A Psychedelic Pioneer’s 2023 Forecast
A lot happened last year in psychedelics, and 2023 promises to be even more eventful. With all that activity, what matters most? For insight Lucid News turned to Bob Jesse, who has long been a quiet, guiding force behind what he calls the “contemporary psychedelic re-emergence;” he’d prefer not to use the word “renaissance.” Jesse helped form the psilocybin research team at Johns Hopkins and has co-authored numerous influential papers in the field. We wondered what he thinks are the most important developments to watch for in the months ahead.
Surveying the landscape, Jesse noted that FDA trials for approval of MDMA and psychedelic medicines are progressing along a well-marked track, and should pave the way for insurance coverage for FDA-approved uses. “So it’s the non-FDA routes we need to watch most carefully,” he emailed. “With ballot and legislative initiatives [e.g., Oregon and Colorado] what expectations are being set?

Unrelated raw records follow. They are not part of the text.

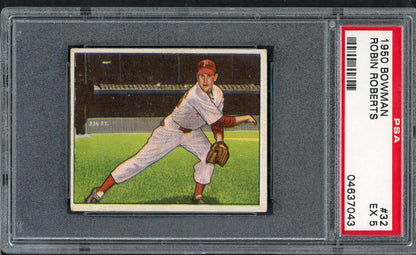 1950 Bowman Baseball #032 Robin Roberts Phillies PSA 5 EX 564670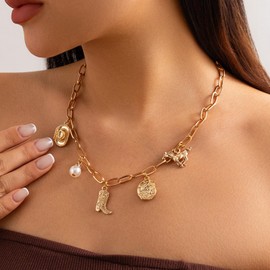 Stocking Stuffers Gifts for Women Western Choker Necklace for Women Gold Charm Necklace Cowboot Hat Necklace Bull Head Necklace Pearl Cross Turquoise Necklace Western Outfits for Women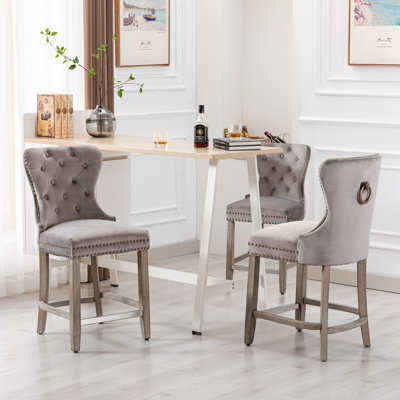 Kirsten Upholstered Counter Stool with Metal Frame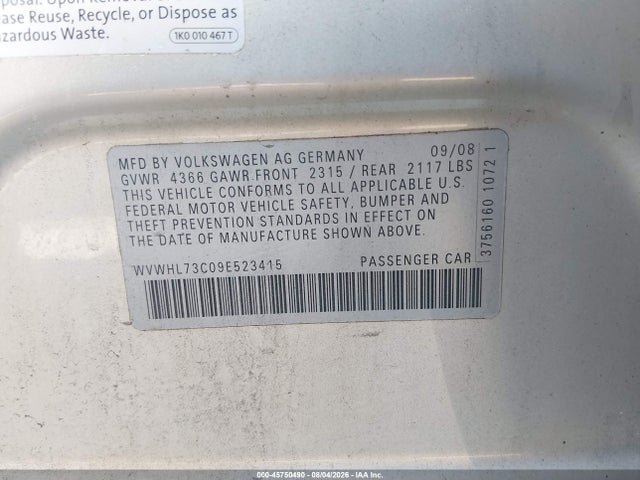 2009 Volkswagen Cc Luxury მანქანა იყიდება აუქციონზე, vin: WVWHL73C09E523415, აუქციონის ნომერი: 45750490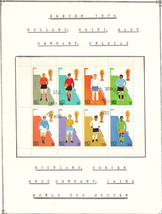 SWEDEN 1974 VF Mint Precancel Block of 8 Stamps Hinged on List  World Cup Soccer - £2.78 GBP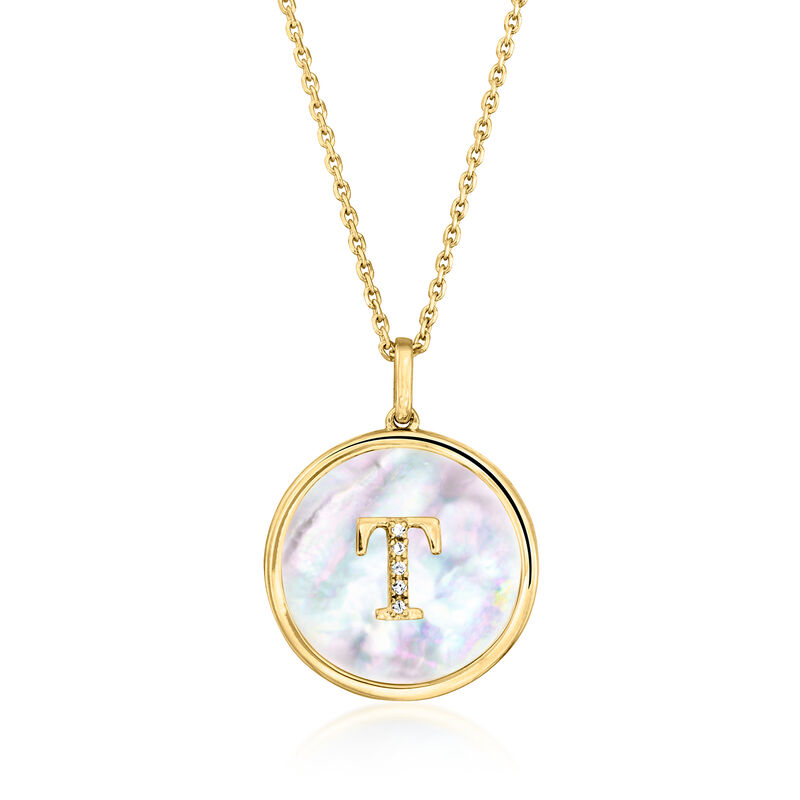 Mother-of-Pearl Initial Pendant Necklace with Diamonds in 18kt Gold Over Sterling image number 1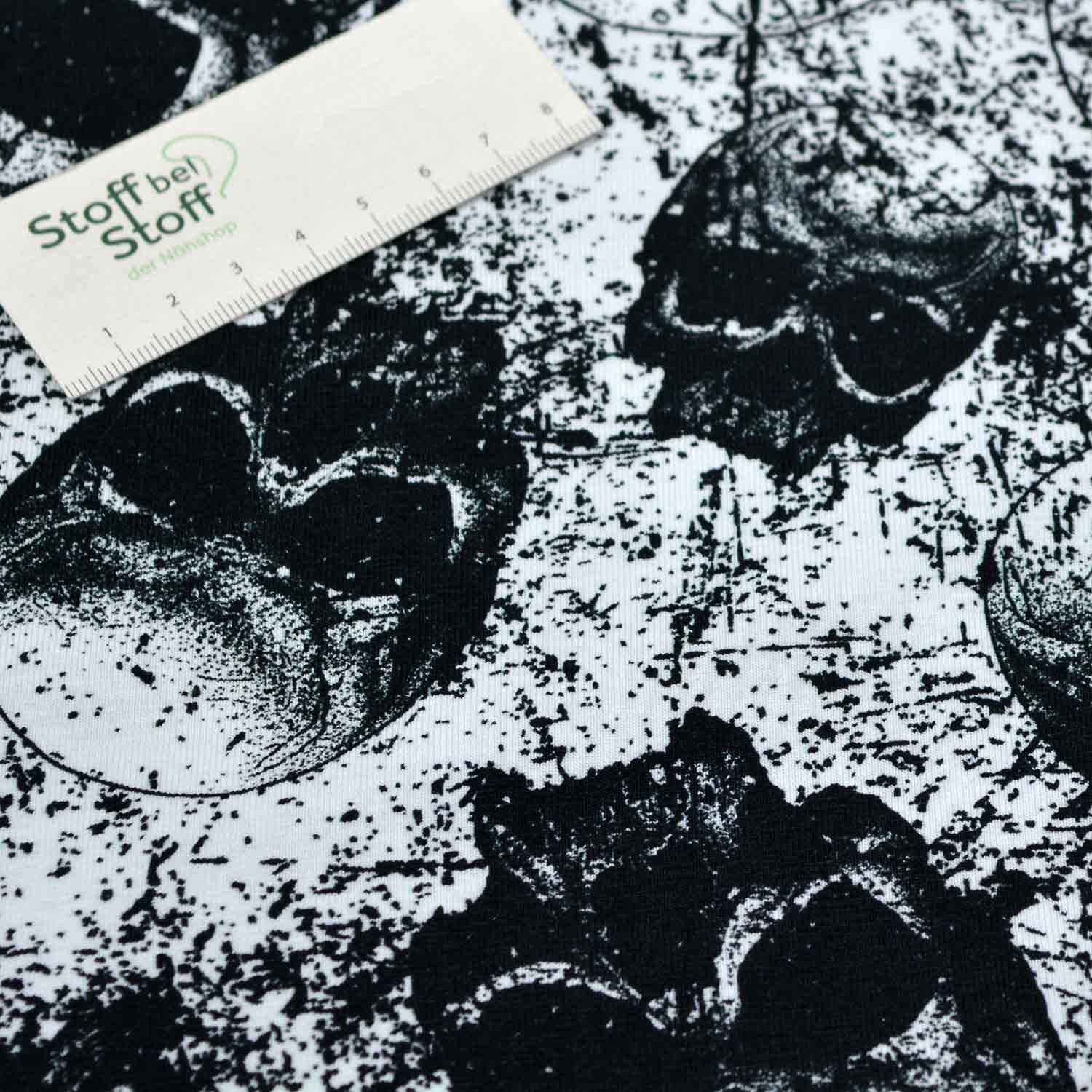 Baumwoll-Jersey "Totenkopf" SBS10284 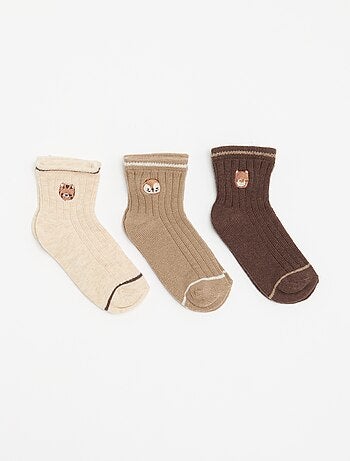 Lot de 3 paires de mi-chaussettes avec broderie fantaisie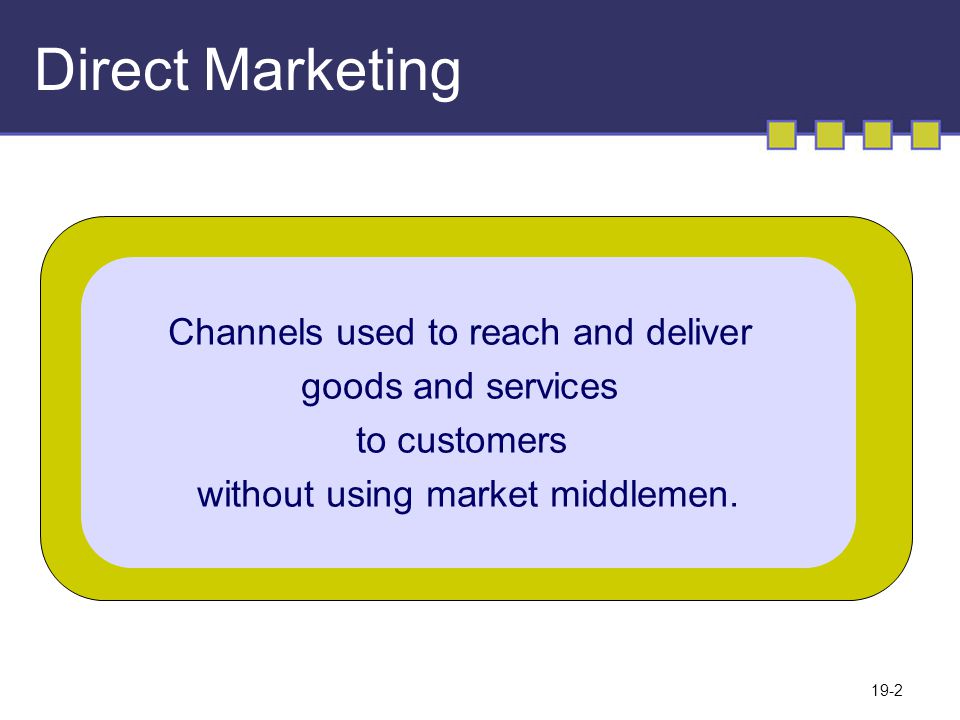 19-2 Direct Marketing Channels used to reach and deliver goods and services to customers without using market middlemen.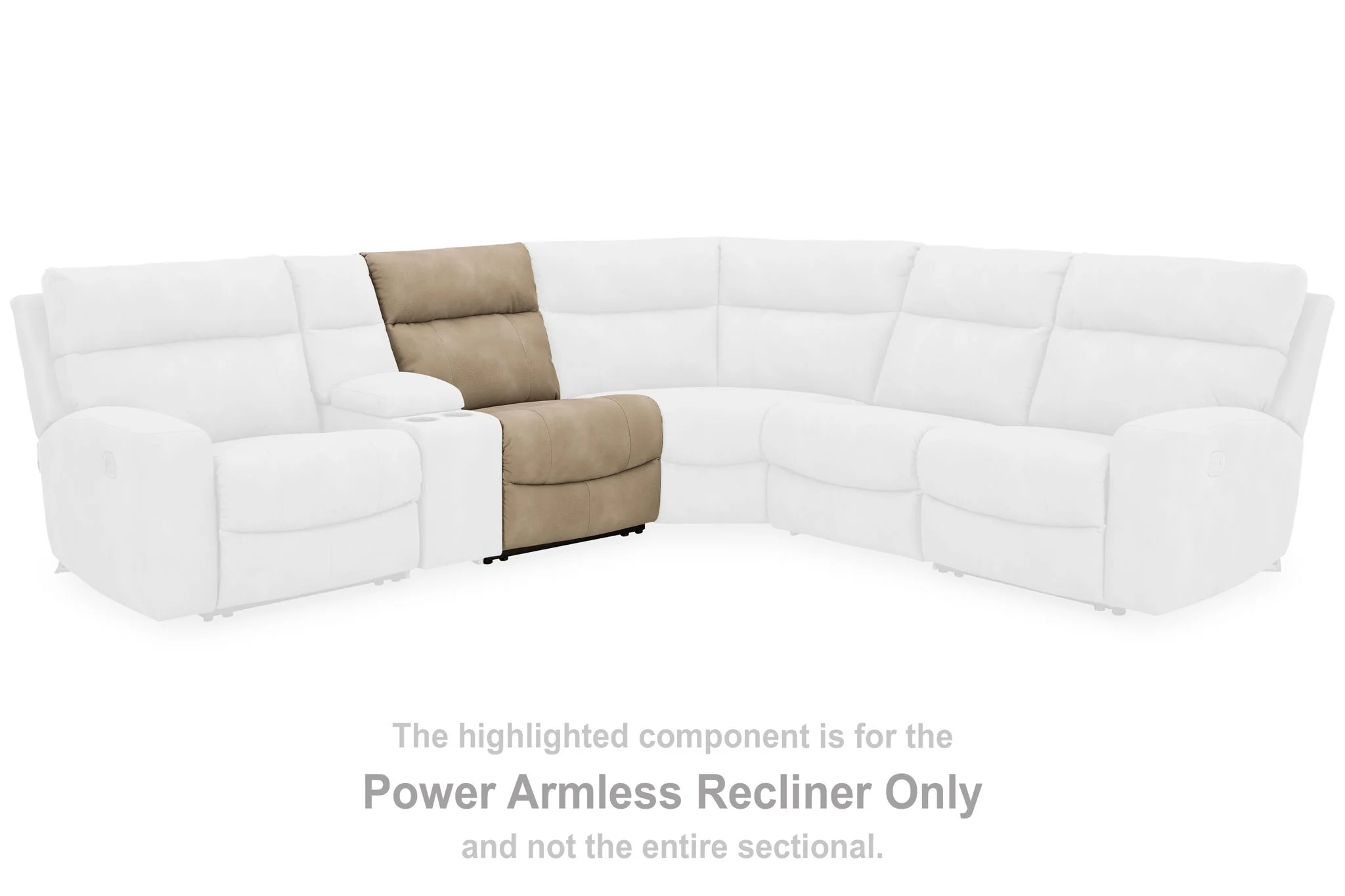Next-Gen Durapella - Power Armless Recliner With Adj Headrest - Sand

Word is getting out about the potential upsides of psychedelic use, but what about the risks? Some people don’t respond favorably, and occasionally the outcomes are negative. A few will have very bad outcomes. Our culture has developed intuitive understandings of activities that carry risks, like riding a bike, driving, and rock climbing. They’re usually quite safe — except when they aren’t. Western culture doesn’t yet have that kind of understanding, including risks and risk reduction, of psychedelics. We’re in an adolescent stage at most.”
Then he made a point that resonated with this psychedelic journalist: “There’s a key role for the media to play in educating about the full range of possible outcomes and contextualizing the negative ones.”
Who’s paying? Jesse also raised another challenge: will we have affordable and culturally attuned access to psychedelics in the states where legalization is being pioneered? Addressing cost, he suggested, “It may be that group-based models could serve many people, at low cost and with lasting returns in the form of community that’s not dollar-denominated. Indigenous traditions provide examples, and you can find other group-use examples in today’s underground.”
It remains to be seen, though, what form group experiences will take as restrictions ease in Oregon, as well as cities that have enacted decrim legislation. As Jesse reminds us, “groups and leaders, in the absence of adequate safeguards, can and do go off the rails. It takes wisdom and effort to prevent that.”
New research. Turning to the science, Jesse pointed to the confirmed success of MAPS’ recently completed second Phase 3 trial of MDMA-assisted therapy for PTSD as a milestone that will resonate into the new year. He hopes that Usona Institute will continue the positive trend when it publishes the results of its multisite trial of psilocybin therapy for depression.
Jesse is also looking forward to the release of another much anticipated report: “This year will see publication of a controlled study conducted at Johns Hopkins and NYU, in which religious leaders of various traditions were given high-dose psilocybin sessions and asked to report their experiences through the lens of their tradition.”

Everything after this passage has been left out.